Sie hat ihr bestes Lächeln angezogen, es strahlt aus einem sorgfältig geschminkten Mund. Dazu ein cremeweißes Jackett zu schwarzem Rock und die Stöckelschuhe, die sie durchs Leben tragen, die Perlenkette und die Perlenohrringe.

Das rote Wollband am rechten Handgelenk irritiert ein wenig; die gibt es in Jerusalem für die Beter an der Klagemauer. Charlotte Knobloch, die Präsidentin des Zentralrats der Juden in Deutschland, ist 74 Jahre alt, eine gut aussehende, resolute Mater familias.

Im Berliner Hotel Adlon begrüßt sie die Gäste wie ein Familienoberhaupt, das sich seine Herzlichkeit nicht dadurch erschüttern lässt, dass der ungezogene Neffe gerade noch über sie getuschelt hat. Eine Umarmung für Friede Springer, die Verlegerwitwe, zwei Luftküsschen für Salomon Korn, ihren Vizepräsidenten, ein warmer Händedruck den Bundestagsabgeordneten, Kirchenleuten, Verbandsvertretern.

Durchs Fenster blickt man auf das Holocaust-Mahnmal und die Köpfe der Besucher, die durchs Stelenfeld irren. Zum Schluss kommt Hubert Burda mit vollendetem Handkuss; der Verleger soll den Leo-Baeck-Preis des Zentralrats erhalten, ein bisschen auch dafür, dass er eine Million Euro für das neue jüdische Gemeindezentrum am Münchner St.- Jakobs-Platz gespendet hat.
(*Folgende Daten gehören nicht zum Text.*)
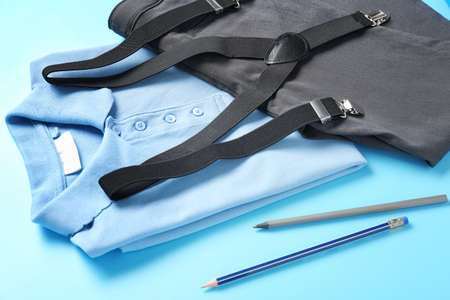 Stylish school uniform on color backgroundの写真素材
Es sind zwei deutsche Geschichten: Hubert Burda, dessen Vater einst günstig eine Druckerei aus jüdischem Besitz erwarb, erhält die höchste Auszeichnung des Zentralrats. Und er hat dazu beigetragen, dass am 9. November Charlotte Knobloch in ihrer Münchner Heimat eine Synagoge einweihen kann, die Zeichen eines Judentums ist, das in der Mitte der Gesellschaft lebt - 68 Jahre nachdem in Deutschland die Synagogen brannten.

Verwirrung bei Freunden

Sie geht ans Rednerpult, setzt ihre Lesebrille auf, spricht vom Bürgersinn und davon, dass der Preis ein Signal sei ,,wider eine Gesellschaft des kollektiven Achselzuckens, der Gleichgültigkeit und des Wegschauens''.
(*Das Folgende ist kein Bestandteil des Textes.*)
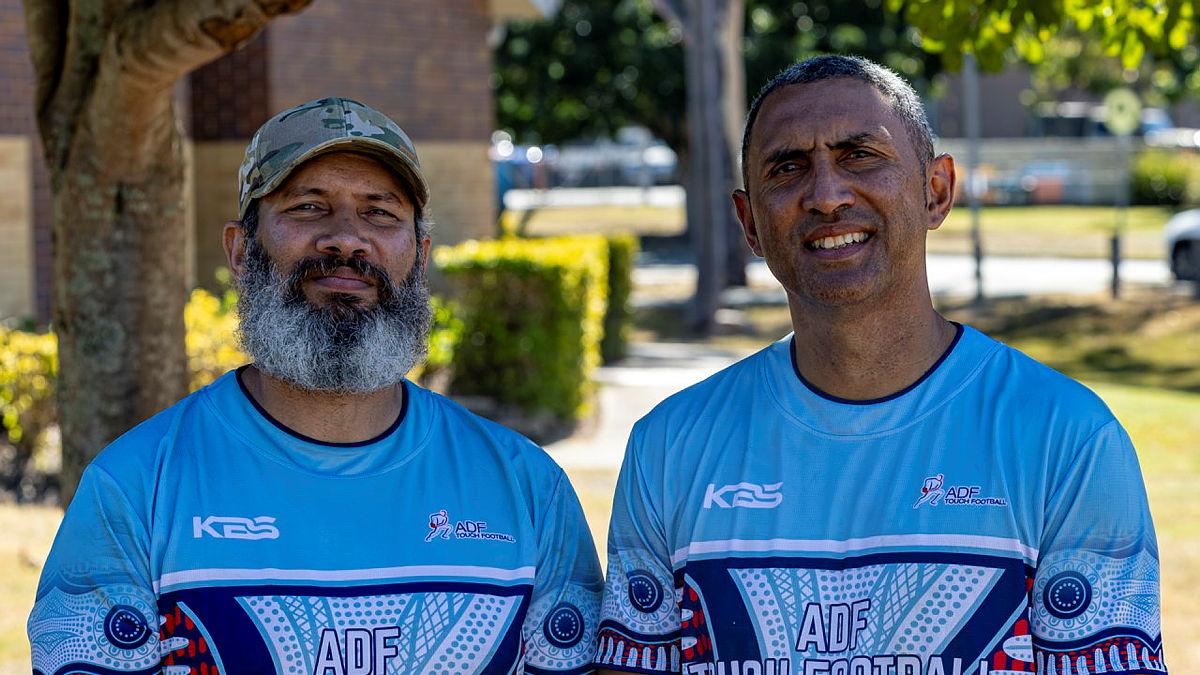 Two brothers face the camera dressed in colourful Australian Defence Force touch football shirts.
Auch, wenn es nicht im Manuskript steht, kommt sie auf ihre Synagoge zu sprechen, die ,,Ausstrahlung auf ganz Deutschland'' haben solle. Es ist ihr Bau. Sie hat ihn gewollt, als sie in der Gemeinde noch die Köpfe schüttelten: zu groß, zu teuer, zu ehrgeizig.
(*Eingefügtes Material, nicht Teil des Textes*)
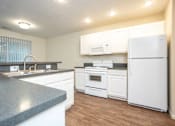 Thumbnail 6 of 17 - A kitchen with white appliances and a granite counter.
Sie hat durchgesetzt, dass das jüdische Leben ins Zentrum der Stadt zieht, nicht an die Peripherie, wo die Kommune Baugrundstücke anbot. Sie hat mit unerbittlichem Charme Spender für das 60-Millionen-Euro-Projekt geworben. Der 9. November 2006, der Tag der schrecklichen Erinnerung, wird einer der Höhepunkte ihres Lebens sein. Auch deshalb badet sie im Hotel Adlon in Zustimmung.

Es gibt andere Tage. Den zum Beispiel, an dem sie mit dem ehemaligen Regierungssprecher Uwe Carsten Heye für die Aktion ,,Gesicht zeigen!'' gegen Rechtsextremismus wirbt. Wie ,,nach 1933'' sei derzeit die Stimmung gegen Juden, sagt sie, und wieder einmal zucken auch jene zusammen, die es gut mit ihr meinen.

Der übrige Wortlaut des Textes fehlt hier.